Ultimamente i punti di contatto tra queste due realtà sono stati molti, forse troppi.
Si è parlato con grande enfasi del fatto che la Camera dei Deputati abbia aperto un proprio canale su YouTube per favorire un rapporto di trasparenza con l’utente-elettore, anche se forse si è parlato meno del fatto che questo prezioso strumento di partecipazione sia stato paradossalmente svuotato proprio dell’elemento partecipativo, in quanto è stata bloccata la possibilità di votare o commentare i contributi caricati sul canale.
Si è parlato, forse con poca enfasi, anche delle diverse manovre tese ad irretire la Rete, dall’Istituzione di un Comitato Tecnico contro la Pirateria Digitale e Multimediale alla proroga della legge Pisanu sull’accesso alla Rete, dalla proposta del Senatore D’Alia integrata al pacchetto sicurezza-intercettazioni fino al DDL promosso da Luca Barbareschi sulla pirateria multimediale, passando per il disegno di legge di un altro personaggio dello spettacolo prestato alla politica, Gabriella Carlucci, la cui proposta aleggiava ufficiosamente sul Web già da settimane.
Ebbene, adesso quel fantomatico DDL si è materializzato in tutta la sua disarmante interezza proprio sul sito dell’On. Carlucci, dal quale la ex soubrette discetta con disinvoltura su temi che spaziano dalla nano-fisica allo spettacolo, trovando anche il tempo, come in questo caso, di interessarsi di pedo-pornografia on-line e sicurezza in Rete.
Personalmente, non ho le competenze giuridiche necessarie per analizzare esaustivamente il disegno di legge, ma fortunatamente ci corre in soccorso il Presidente dell’Istituto per le politiche dell’innovazione Guido Scorza che, in un puntuale intervento apparso su PuntoInformatico, demolisce ogni comma dei quattro articoli che compongono il DDL.

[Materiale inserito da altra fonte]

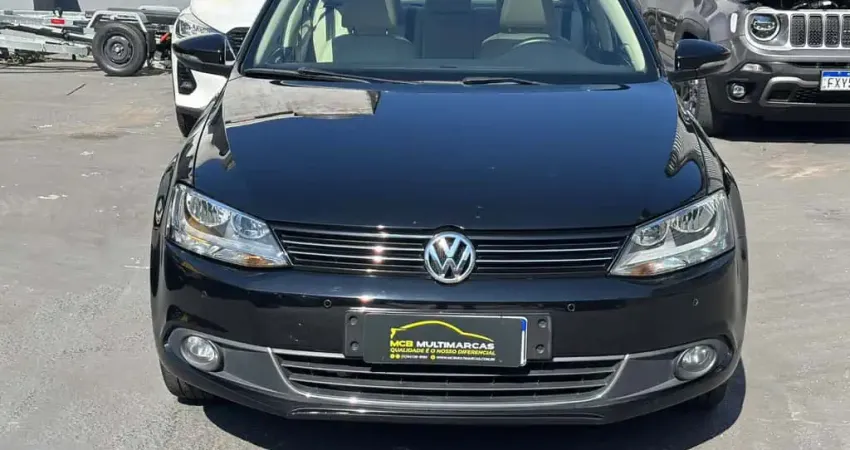 Volkswagen Jetta Gasolina Automático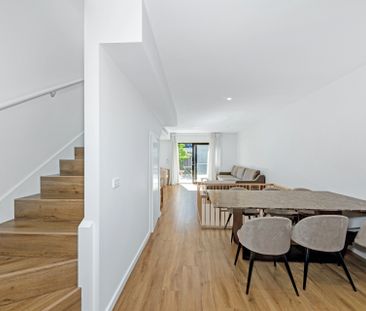 Stylish Townhouse In O'Connor - Photo 6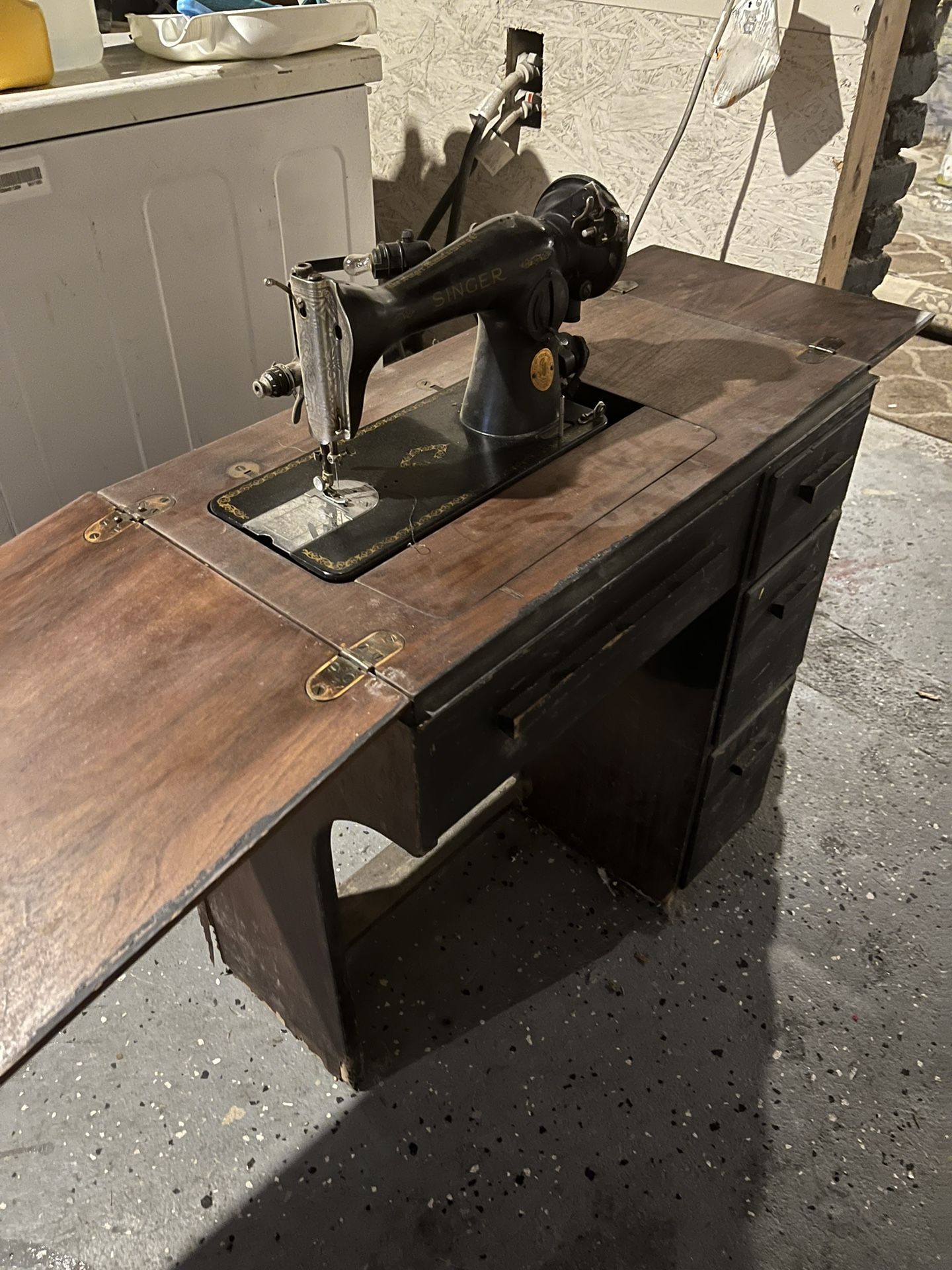 1948 Singer Sewing machine & Desk Model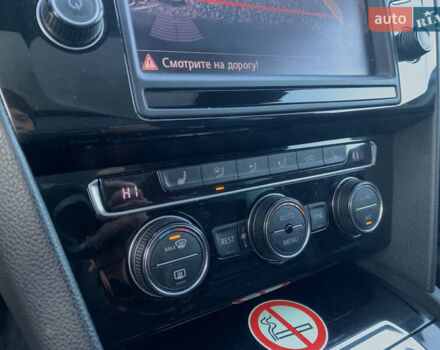 Сірий Фольксваген Пассат, об'ємом двигуна 2 л та пробігом 290 тис. км за 19700 $, фото 45 на Automoto.ua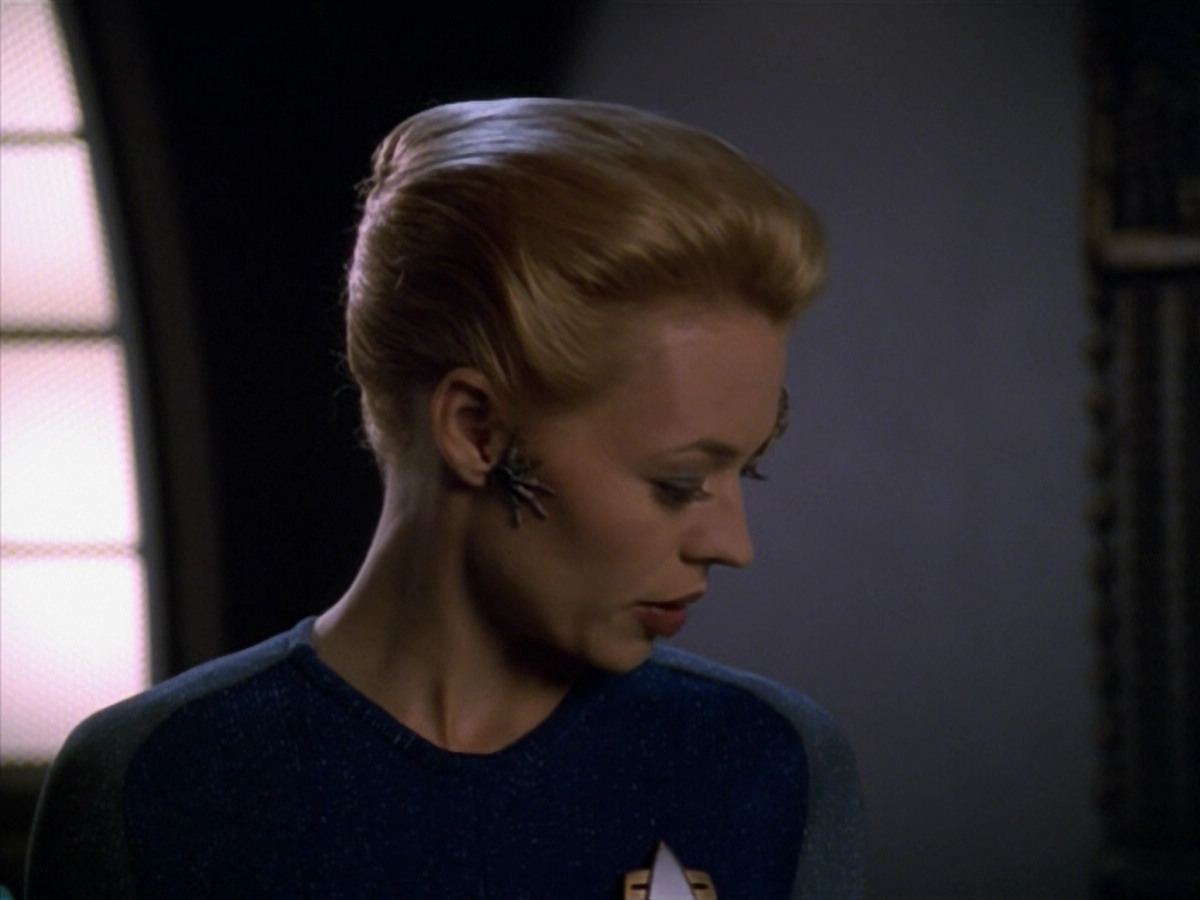 extant_StarTrek_VOY_5x14-Bliss_02726.jpg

Tuttavia, nonostante la mia traballante preparazione giuridica, vi sono alcuni aspetti impossibili da trascurare anche per chi non è esattamente un maestro di diritto.
Pirateria e pedofilia non sono la stessa cosa. Il DDL, infatti, sembra più che altro volto a tutelare i diritti d’autore piuttosto che quelli ad una navigazione sicura, e non fa nessun riferimento alla pedo-pornografia on-line, fenomeno incommentabile (come incommentabile è il suo uso strumentale) contro il quale esistono già strumenti tecnici e normative efficaci.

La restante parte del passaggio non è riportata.